[Your assignment]:
Reproduce the data below in full and to the letter, images excepted.

[Data]:
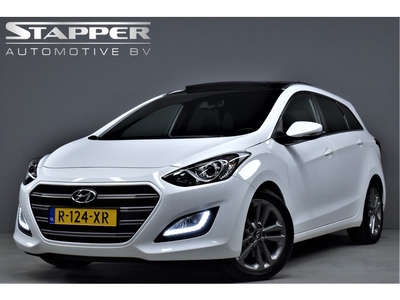 Hyundai i30 1.6 GDi 135pk Automaat Comfort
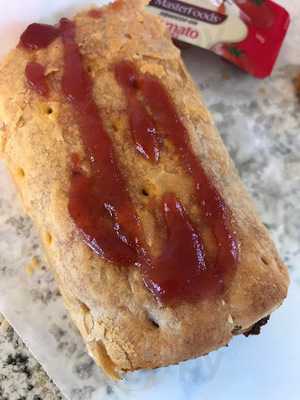 Augusta Bakery & Cafe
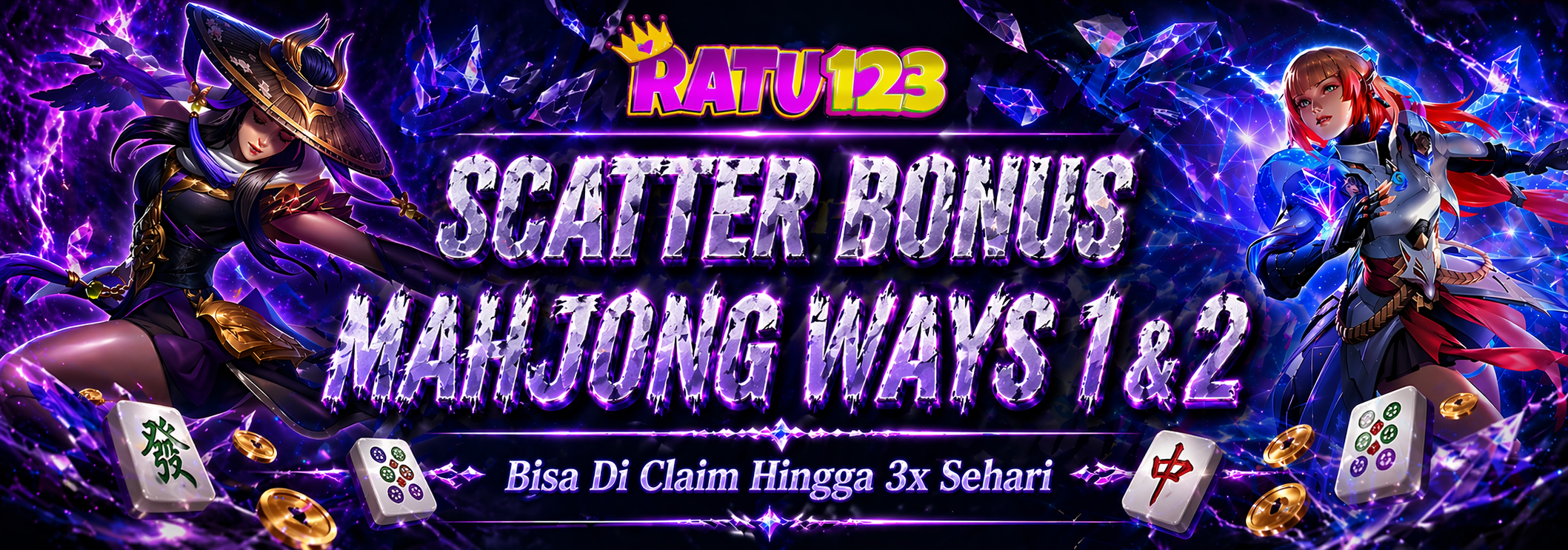 Scatter Bonus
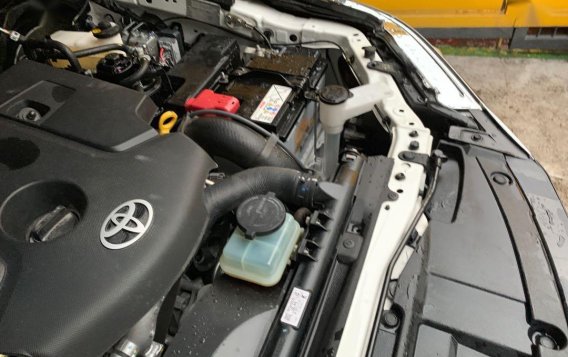 Toyota Fortuner 2018 for sale in Quezon City-6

[Final answer]:
 Hyundai i30 1.6 GDi 135pk Automaat Comfort
 Augusta Bakery & Cafe
 Scatter Bonus
 Toyota Fortuner 2018 for sale in Quezon City-6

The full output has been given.